The ruling further reinforced the reality of the tremendous authority police officers have to determine a necessary use of force. Barely a week prior, a St. Louis County grand jury declined to indict Darren Wilson, the officer who shot and killed Michael Brown, an unarmed black man, in Ferguson, Missouri. A year later, a grand jury would come to the same decision in regard to Timothy Loehmann, the officer who — after only two seconds on the scene — shot and killed an unarmed black child, Tamir Rice. No charges were brought against the officers involved in Alton Sterling’s death in Baton Rouge. Officer Jeronimo Yanez was charged with second-degree manslaughter for the death of Philando Castile, only to be acquitted. The trials for the Baltimore police officers involved in the death of Freddie Gray ended in a mistrial and more acquittals.
<snip>
In 2015, Officer Ray Tensing shot and killed Samuel DuBose, an unarmed black man, during a traffic stop. Tensing claimed that he “feared for his life” after DuBose started his car and began to drive away with Tensing’s arm caught through the driver’s window. His bodycam footage directly contradicted this account. He was indicted, but the charges were dismissed. In 2017, Betty Jo Shelby was acquitted in the shooting death of an unarmed black man, Terence Crutcher, despite police video showing Crutcher with his hands up in compliance. When asked why she fired her weapon, Shelby said, “I feared for my life.”

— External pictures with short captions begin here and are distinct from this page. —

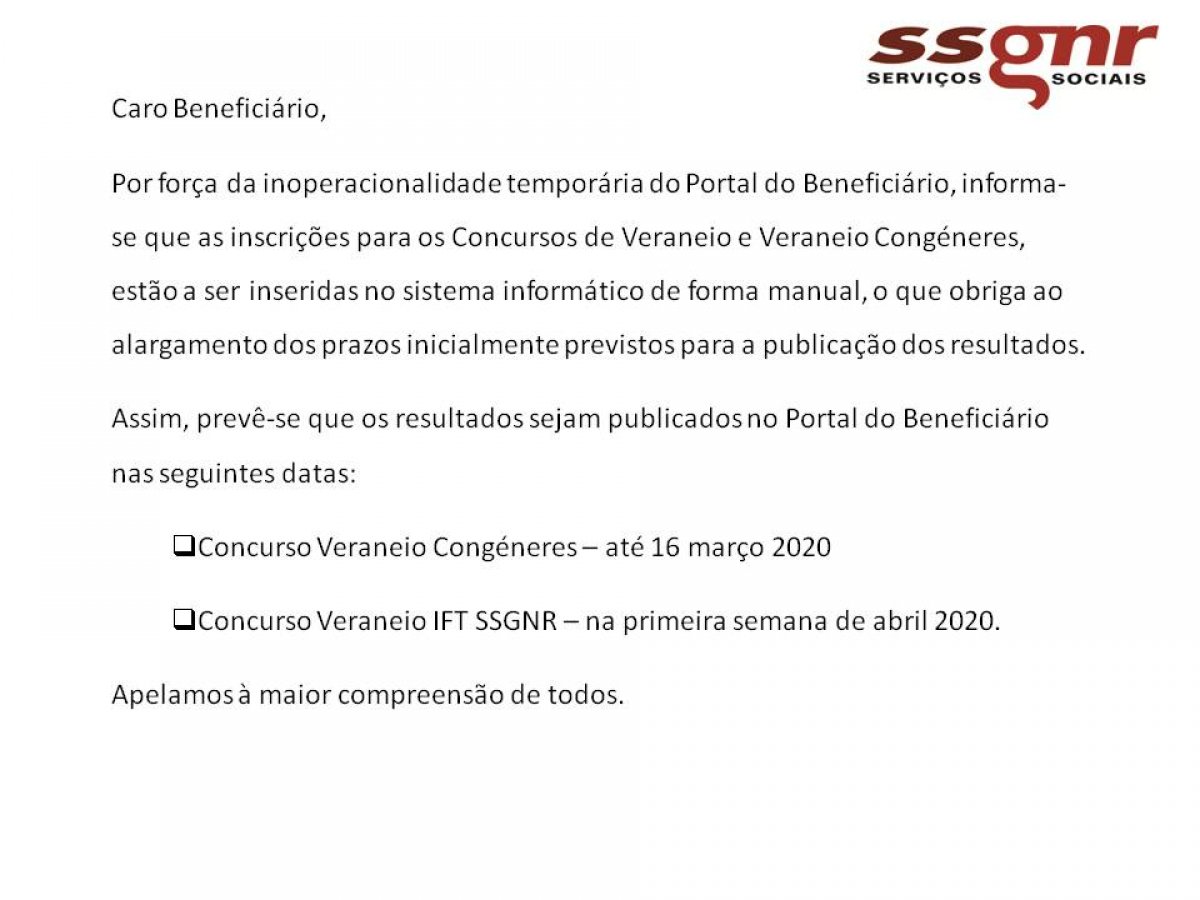 Resultados dos Concursos de Veraneio e Veraneio Congéneres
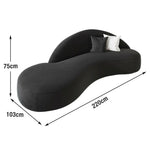 LIVARA 220cm Design, Easy-to-Clean, Matte Velvet Curved High-Density Waterproof, Ergonomic Upholstered, Sofa Sponge - Black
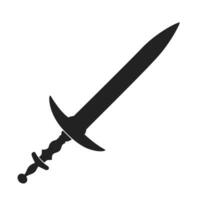 Sword black flat silhouette vector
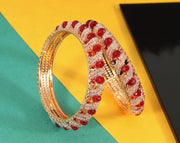 NMII Stylish Pearls & Alloy Metal Kada Set For Women and Girls | Metal Bangles For Women | Traditional Kada Bangles For Girls | Pearls Moti Bangles | Red Kada bangles for women, (MAH58_9001-Red-2.2)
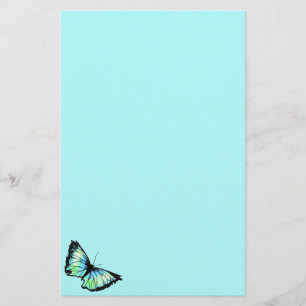 "Harlequin" (Aqua Butterfly) Stationery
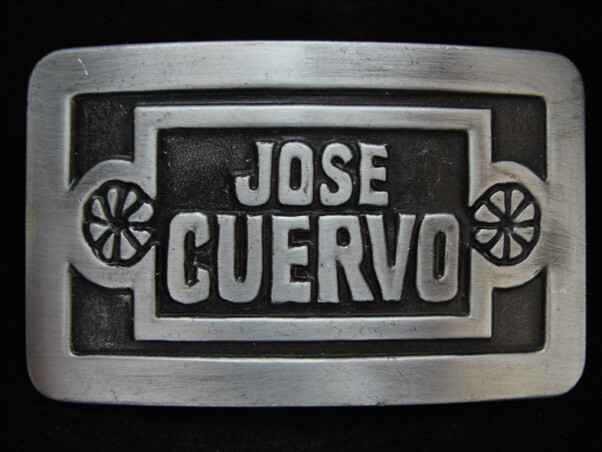 OA09150 VINTAGE 1977 **JOSE CUERVO** TEQUILA 80 PROOF BOOZE PEWTER BELT BUCKLE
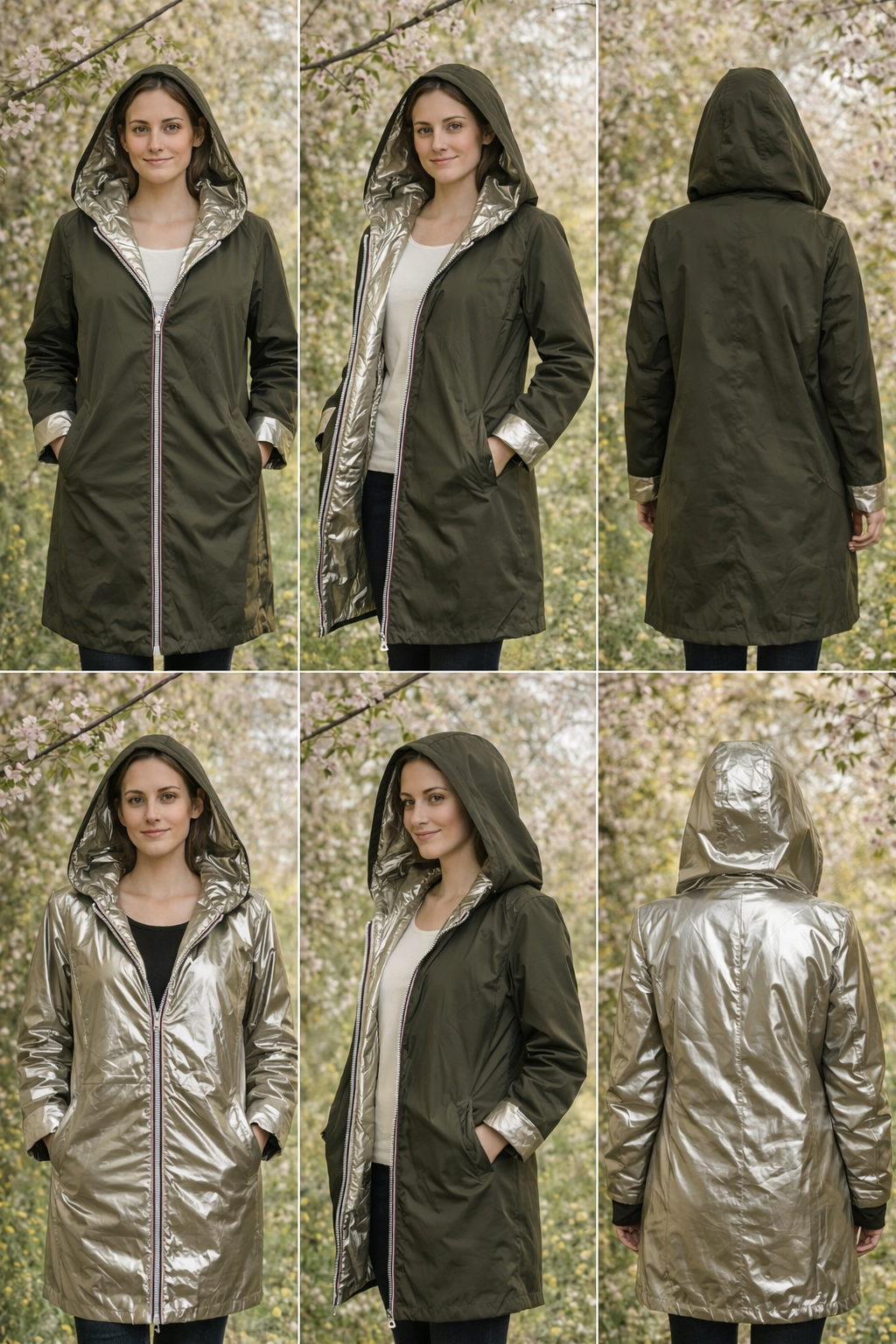 LAURA JO - Imperméable réversible long (Kaki)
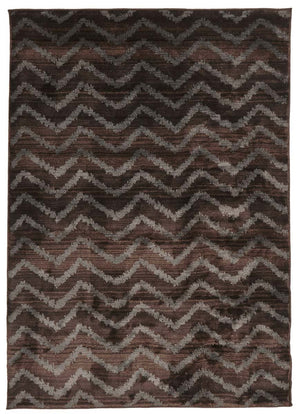 Moroccan Style  Chevron Design Brown Grey Rug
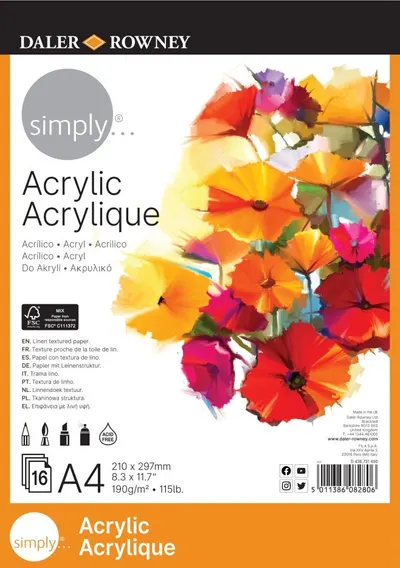 Caiet de schițe pentru pictură acrilică Daler-Rowney Simply - A4, 16 foi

"For police, this near-total authority is protected by our judicial system"
In 2016, jurors were shown bodycam footage that clearly depicted Milwaukee resident Sylville K. Smith running from police. Cornered, Smith gave up the chase, threw his gun over a fence, and put his hands up in surrender. Then police officer Dominique Heaggan-Brown shot Smith, killing him. The defense attorney told the jury Heaggan-Brown acted out of fear for his life. The jury found the officer not guilty.
<snip>
And so it becomes easy — for jurors and the public alike — to trust authority and leave the dead confined to the margins of our imagination. The victims are gone. They can’t testify. They can’t tell us of their fear for their lives.